Note: This package was created as part of the STAT545B Assignment 4 submission. The corresponding website can be found under this link: https://lamke07.github.io/stat545lamke07/index.html.
The goal of stat545lamke07
is to have a collection of functions that
can quickly create toy data sets to test a statistical or machine
learning model on. Many times one is interested in using simulated data,
but these often need to be written out quickly.
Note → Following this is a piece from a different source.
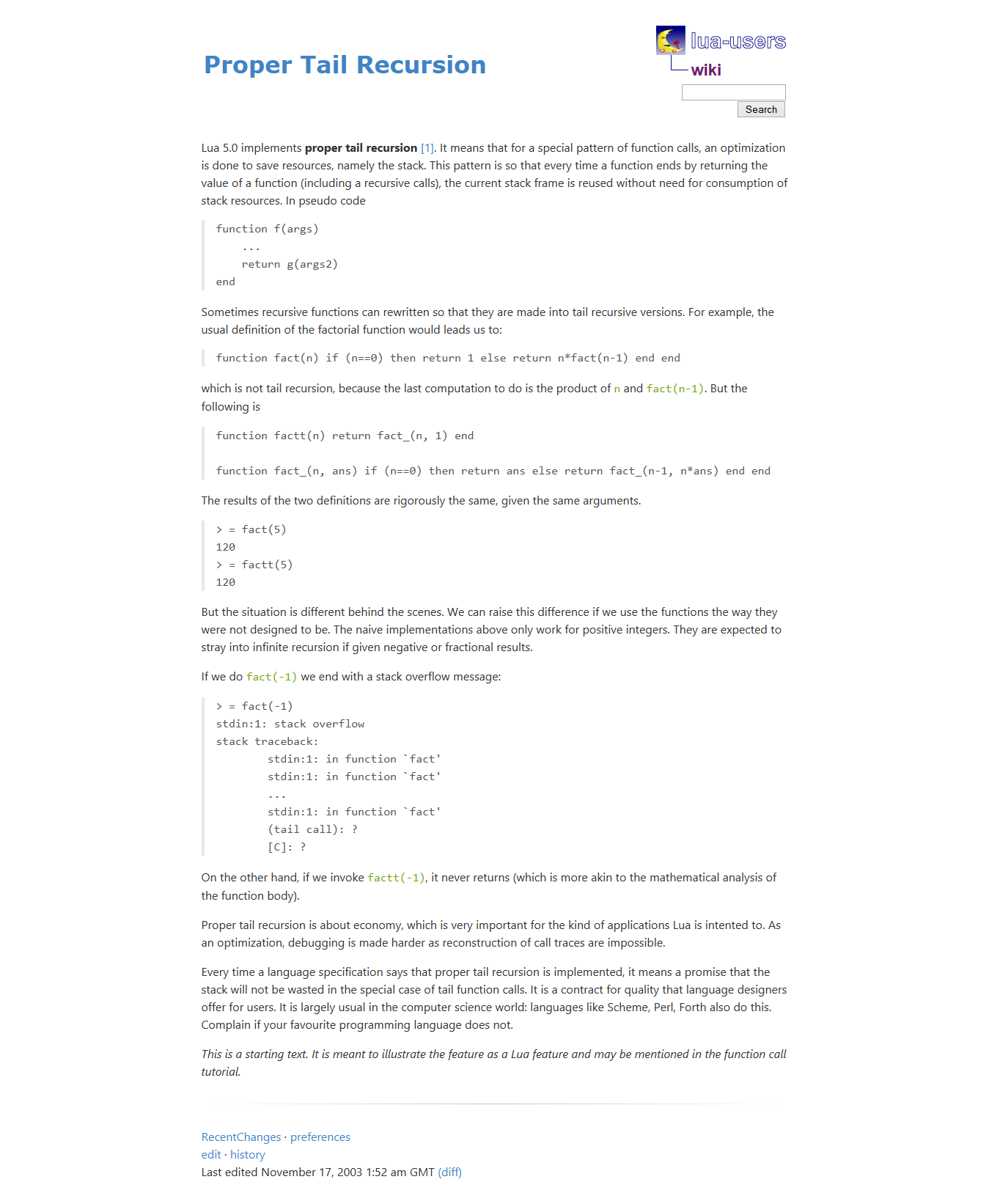 Lua Users Simplistic Restyle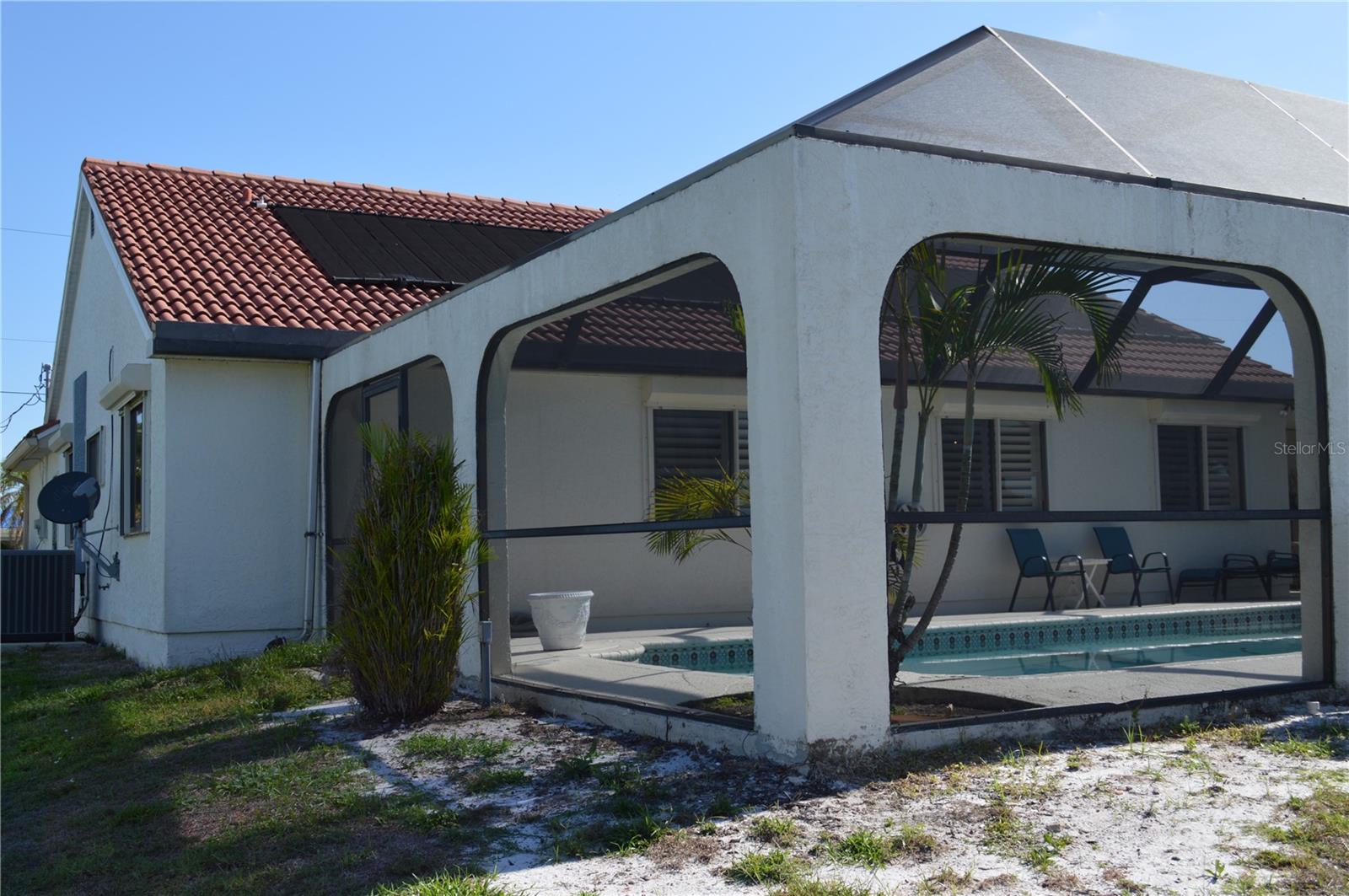 Solar Panels for heating pool on roof.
The stat545lamke07
package aims to make this process easier and in an orderly way and
provides simple data sets, including data sets based on the normal
distribution and causal data sets.
You can install the released version of stat545lamke07
from the
GitHub repository with:
devtools::install_github("lamke07/stat545lamke07")
Note: when using devtools::check()
, you might need to have qpdf
installed locally, otherwise you may run into a warning with the
following message.
WARNING
‘qpdf’ is needed for checks on size reduction of PDFs
This is a basic example which shows you how to solve a common problem:
the generate_XY()
function creates a data set where Y is a linear
combination of the columns in X. As such, a linear model on the full
data set is expected to give a perfect fit.
library(stat545lamke07)
# Obtain a quick data set S = (X,Y)
df <- generate_XY()
print(head(df))
# Test a linear model
m1 <- lm(Y ~., data = df)
summary(m1)
It is possible to specify the individual parameters of the normal distribution for the columns of X:
- n: the desired number of data points in the data set. The
corresponding parameter will be
n
. - μ: a p-dimensional vector of means. This can be any numeric
vector. The corresponding parameter will be
mu
. - σ: a p-dimensional vector of standard deviations. The values of
σ must be non-negative. The corresponding parameter will be
sigma
. - β: a p-dimensional vector of coefficients. This can be any
numeric vector. The corresponding parameter will be
beta_coefficients
.
Below we have given an example of how one could possibly specify the parameters. We need to make sure that all the dimensions are correct.
# Obtain a quick data set S = (X,Y)
df <- generate_XY(n = 1000, mu = 1:10, sigma = 1:10, beta_coefficients = 1:10)
print(head(df))
# Test a linear model
m1 <- lm(Y~ X1 + X2 + X3 + X4, data = df)
summary(m1)
We have also included functions to create causal toy data sets,
causal_XTY_binary()
and causal_XTY_multiple()
where the treatment
effect is additive and the relationship between the outcomes Y and
covariates X is linear.
# Obtain a quick causal data set.
df_causal_binary <- causal_XTY_binary()
print(head(df_causal_binary))
df_causal_multiple <- causal_XTY_multiple()
print(head(df_causal_multiple))